Readers call new regulatory guidance phony

Radhika Sivadi

2 min read ·

SHARE

Yahoo! SmallBizVote readers responded with overwhelming cynicism to a report we posted yesterday about an Executive Office memo to federal regulatory agencies. The guidance, issued on Tuesday by regulatory chief Cass Sunstein, instructed agencies to consider the special challenges that redundant, overlapping, and inconsistent regulations pose to small businesses and startups.

SmallBizVote readers say the memo is phony election-year pandering. In 14 comments and 71 "likes" (indicated by readers who gave a comment the "thumbs up" symbol), readers expressed their resounding distrust of the Administration's too-little-too-late guidance.

"It takes election season for the White House to hear your cries," remarked a reader with the pseudonym He Lies.  Hope commented, "So the EPA regulations, Obamacare, and Dodd-Frank are job killers…duh!" And T-Rex wrote, "What a coincidence. Obama is suddenly worried about small businesses! Appears to be major league pandering in an election year."

Reader HDR wanted to know, "Why didn't the White House listen when signing all these business-killing regulations into law? The only reason Obama is pretending to hear is that elections are coming closer; the same deaf ear will return after elections are over."
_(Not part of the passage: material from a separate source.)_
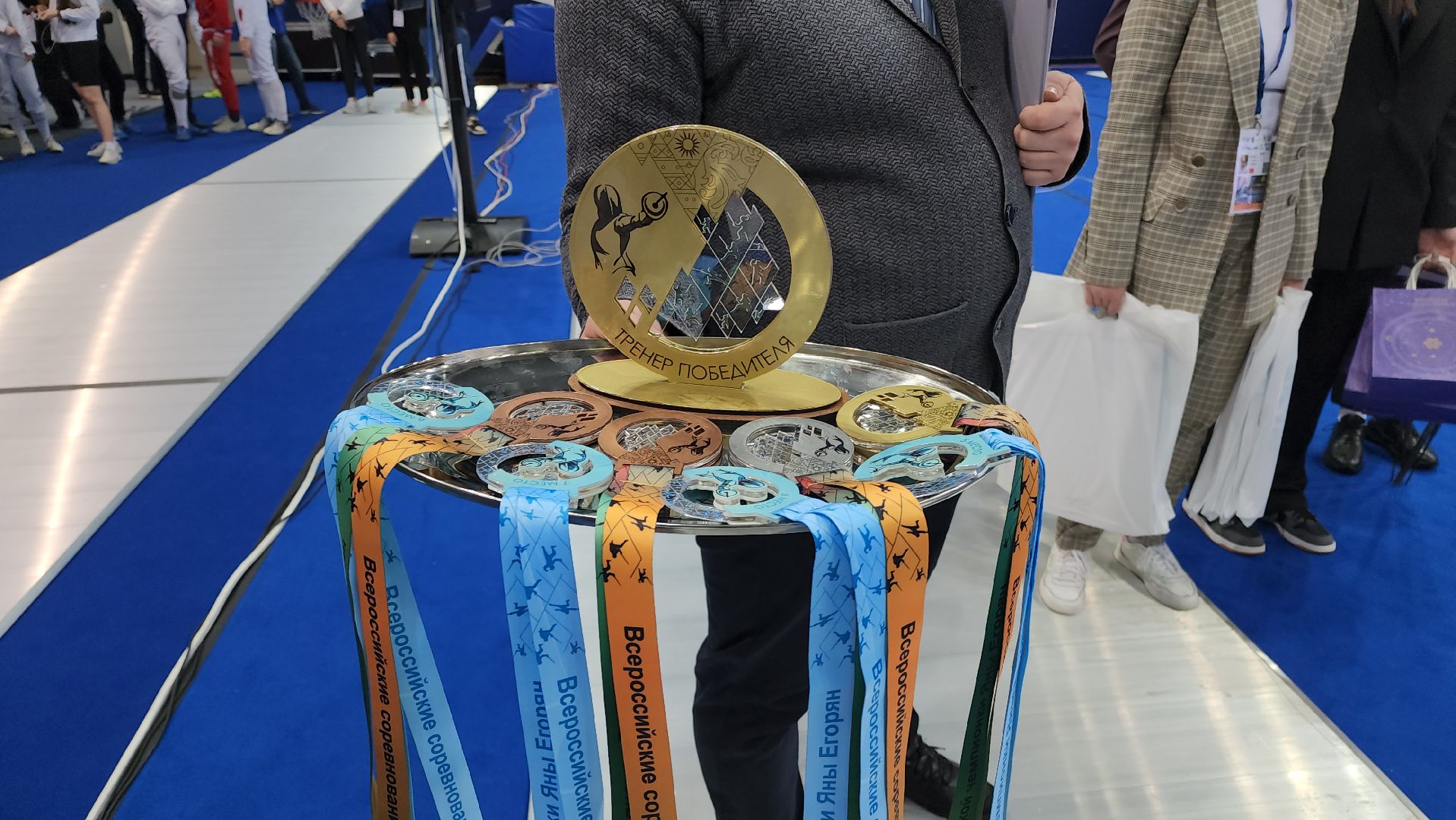 спорт, фехтование, соревнование,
Chris from Portland, Me., even called  for a boycott of Yahoo! for reporting the story, calling it "propaganda to support small business." (I'll just be grateful no one gave a thumbs up to that remark.)

A Sunnyvale, Calif., reader who goes by the handle NoGas4U commented that "Cass Sunstein and EPA chief Lisa Jackson have done more harm to American business than any two people alive. This is a pandering, phony political memo leaked to dupe Americans once more."

Alas readers, Sunstein might dismiss your collective comments as the predictable outcome of what he calls "cyberbalkanization." According to Wikipedia, Sunstein has argued that "the Internet may weaken democracy because it allows citizens to isolate themselves within groups that share their own views and experiences, and thus cut themselves off from any information that might challenge their beliefs." Now don't shoot the messenger.